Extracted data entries
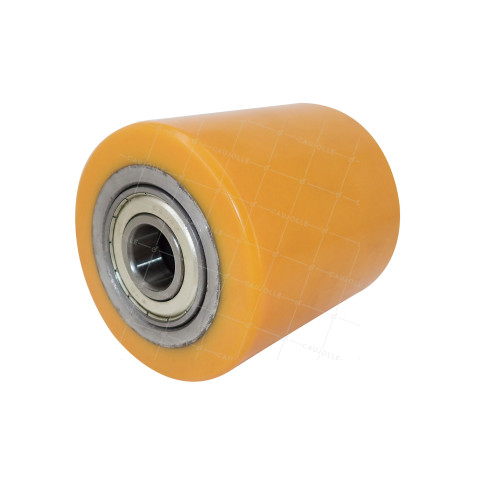 ROUE DE TRANSPALETTE DIAMÈTRE 85 MM CHARGE 900 KG AXE 20 MM BILLES - GTP8590 • Caujolle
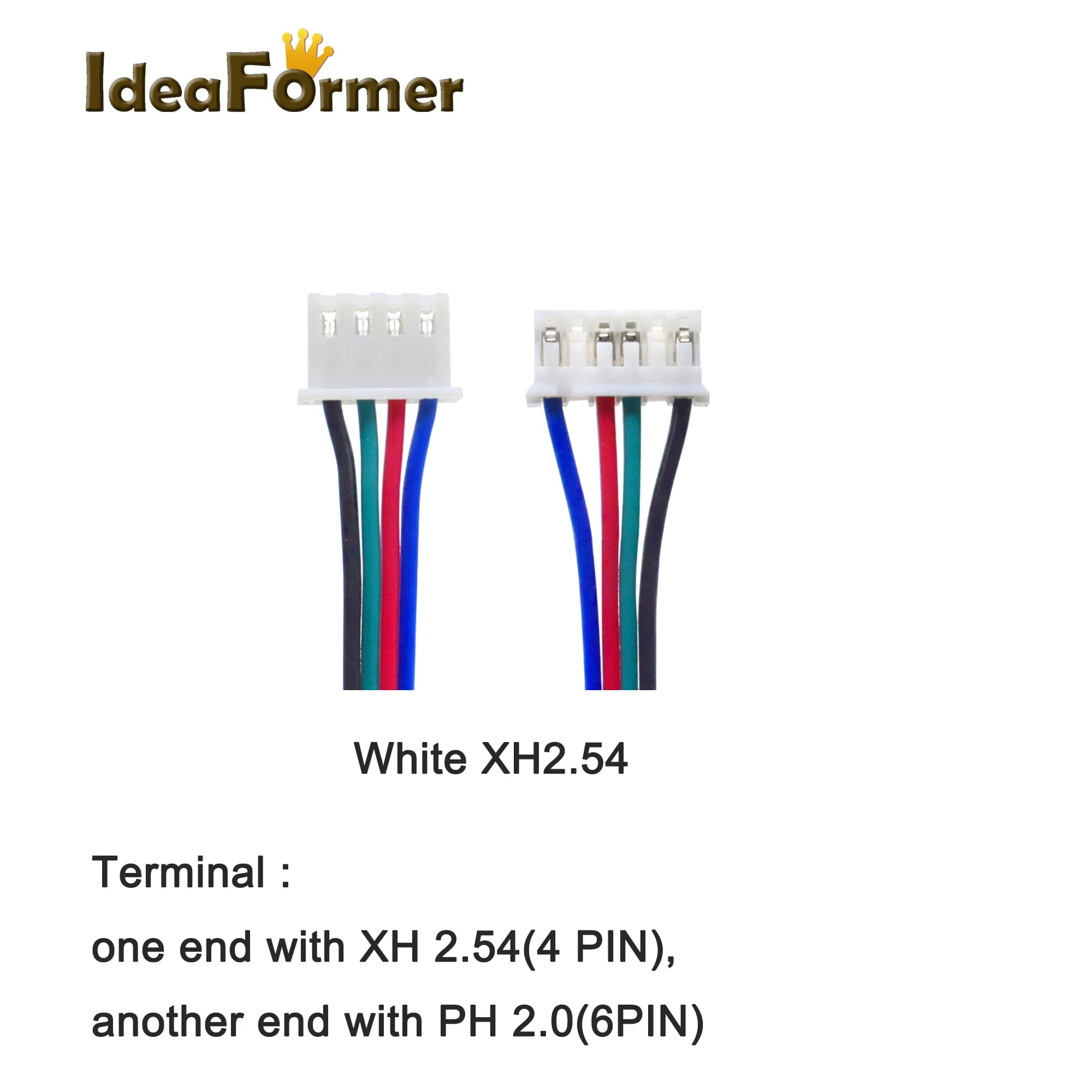 3D Printer Parts Stepper Motor Cable HX2.54 4pin to 6pin Terminal for Stepping Motor Connector Cable Stepper Motor Wire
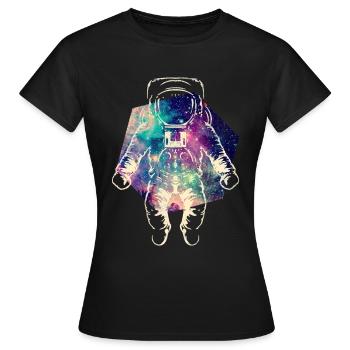 Astronaute dans l’espace - T-shirt Femme - noir - Devant - AI Model Female 172 dark (172cm)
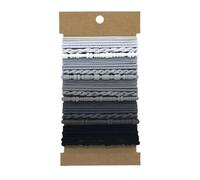 Hrlace 20 elastici per capelli bohémien, elastici per capelli in stile bohémien, per coda di cavallo, intrecciati, per donne e ragazze, capelli lunghi sottili e spessi, grigi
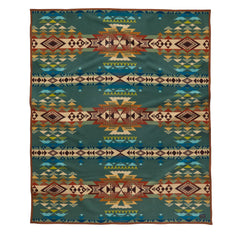 Pendleton Jacquard Napped Robe Highland Peak Balsam - Parasol Store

▸ What you have to do:
Write the lines from the one containing "Hrlace 20 elastici" through the end of the data above exactly as they appear, and do not carry over any picture.

▸ Answer to the problem:
 Hrlace 20 elastici per capelli bohémien, elastici per capelli in stile bohémien, per coda di cavallo, intrecciati, per donne e ragazze, capelli lunghi sottili e spessi, grigi
 Pendleton Jacquard Napped Robe Highland Peak Balsam - Parasol Store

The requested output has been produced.